Southern Baptists agree to create new ways to further reform of sexual abuse
Creation of task force, tracking accused church workers proposed
ANAHEIM, California — The Southern Baptist Convention voted overwhelmingly Tuesday to create a way to track pastors and other church workers credibly accused of sex abuse and launch a new task force to oversee further reforms in the nation’s largest Protestant denomination.
The vote came three weeks after the release of a blockbuster report by an outside consultant on the long-simmering scandal, revealing that Southern Baptist leaders mishandled abuse cases and stonewalled victims for years.
Thousands of Southern Baptists are in Anaheim for their big national meeting.
They elected a new SBC president, Texas pastor Bart Barber, who is a staunch proponent of Southern Baptists’ conservative views but who says he has a track record of dialogue with those who disagree.
He has called for an “army of peacemakers” amid bitter political battles in the nation’s largest Protestant denomination.
He defeated three other candidates and ultimately prevailed in a run-off vote at the SBC’s national meeting in Anaheim. His closest rival, Tom Ascol, had complained of too much “wokeness” in the denomination and sought to move it further to the right.
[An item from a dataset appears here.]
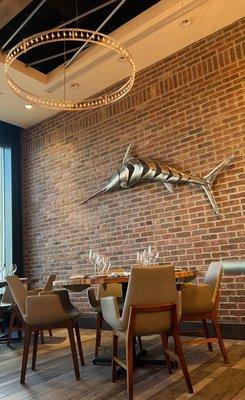 Interior of the restaurant- Rustic Brick Wall with a big metallic fish decor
Also Tuesday, the delegates debated but didn’t vote on whether to kick out one of its biggest and best-known churches — Saddleback Church, the California megachurch headed by Rick Warren, author of the blockbuster bestseller “The Purpose Driven Life” — because it ordained women pastors. The denomination’s statement of faith says the office of pastor is for men only.
Warren himself spoke briefly late in the day, alluding indirectly to the controversy by saying Baptists should unite on ambitious missionary goals.
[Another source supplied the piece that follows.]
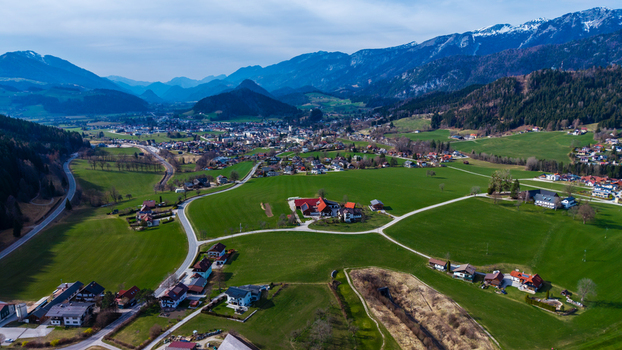 Aerial view of the verdant valley floor meeting the foothills with quaint buildings nestled amidst the landscape Windischgarsten Upper Austria Austria. Aerial view of the verdant valley floor meeting the foothills with quaint buildings nestled amidst the landscape Windischgarsten Upper Austria Austria.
“Are we going to keep bickering over secondary issues, or are we going to keep the main thing the main thing?” he said.
The vote on sex-abuse reforms fell short of what some survivors of abuse in Southern Baptist churches sought, such as a compensation fund for victims and a more robust and independent commission to monitor its churches’ handling — and mishandling— of abuse. And it also met opposition from some who contended the crisis was overhyped and that it interfered with Baptist churches’ independence.
But Bruce Frank, who led the task force that recommended the reforms, made an emotional plea for church representatives to accept them as their twoday annual gathering got underway. He called the steps the “bare minimum,” adding it will take time to change the SBC’s culture.
He challenged those who would say these steps interfere with Baptists’ focus on missions, saying that “protecting the sheep from the wolves” is essential to mission.
“How are you going to tell a watching world that Jesus died for them … when his church won’t even do its very best to protect them?” Frank asked.